Truth is beyond value in our worship and spiritual life in church--indeed, John writes in his first letter about how we are called to worship God "in spirit and in truth."  Jesus says that the truth shall set us free.  We can uphold these Biblical maxims by being honest with ourselves about what a holiday is trying to say to us, and what we are telling ourselves about it and its history.

4. It makes our work smaller

We like to pretend that our beloved flocks hang on our every word, even though we look out into the pews and know full well that when you've got your head bowed, you're checking the baseball score on your iPhone rather than praying.  And we realize that not every detail of the nitty-gritty exegesis, research, sweat, and tears that went into the writing of our sermons will be remembered--hell, I can sometimes barely remember what I preached on in any given worship service without looking it up.

But we do hope that our messages give you spiritual nourishment, and dense nourishment at that.  We hope they give you strength to get through the next six days before we get the honor of preaching to you again, and we hope that you retain some of the inspiration that made that particular message happen.  These are big, lofty hopes we have for our work, and when we feel the need or pressure from our communities to deviate from what we feel God is calling us to preach to what the community expects or wants to hear, it diminishes our teaching and its importance, which we already worry about enough (see previous paragraph).

Point blank: I can't think of a single person in my entire life as a Christian who has said to me anything along the lines of "I wasn't sure about this whole God-thing, but now that I've heard that Father's Day sermon, I feel restored to God now!"*

*An exception to this for me has always been Martin Luther King, Jr.
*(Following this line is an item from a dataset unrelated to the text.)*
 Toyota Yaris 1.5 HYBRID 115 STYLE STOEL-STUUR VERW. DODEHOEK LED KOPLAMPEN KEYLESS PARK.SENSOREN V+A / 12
Day, since King was himself a pastor, and I have received uplifting feedback about how discussing King's honoring of God and humanity helped inspire a listener or three.

5. The risk of offense is great

We live in a world where, if I don't preach about Memorial Day or Veteran's Day, some troll somewhere will think it is because I hate soldiers.  If I don't preach about Independence Day, I must hate America (TEAM 'MURICA).  It's ridiculous, reductive, and not even remotely constructive.  But that is how knee-jerk humanity has become, and sometimes, we bow to pressure not from what God is telling us to do, but from our instinct to follow the path of least resistance.  I myself often end up with a compromise arrangement, like not using my sermon to talk about a particular secular holiday, but using, say, my newsletter column to do so, just so that I can inoculate myself from any of that (plus, it provides a ready-made basis to springboard off of, and I otherwise often suck at writing my newsletter columns).

But doing what is convenient is seldom the same as doing what is right.  And so we feel guilty whenever we cave to that temptation.  But we know we shouldn't.

So there you have it.  I'm done cranking about secular holidays in the church, but I'm interested in hearing what you have to say about it.  Especially if you're not a pastor--how do you feel when your pastor gets up and says, "Today's sermon will be about [fill in non-church holiday here]?"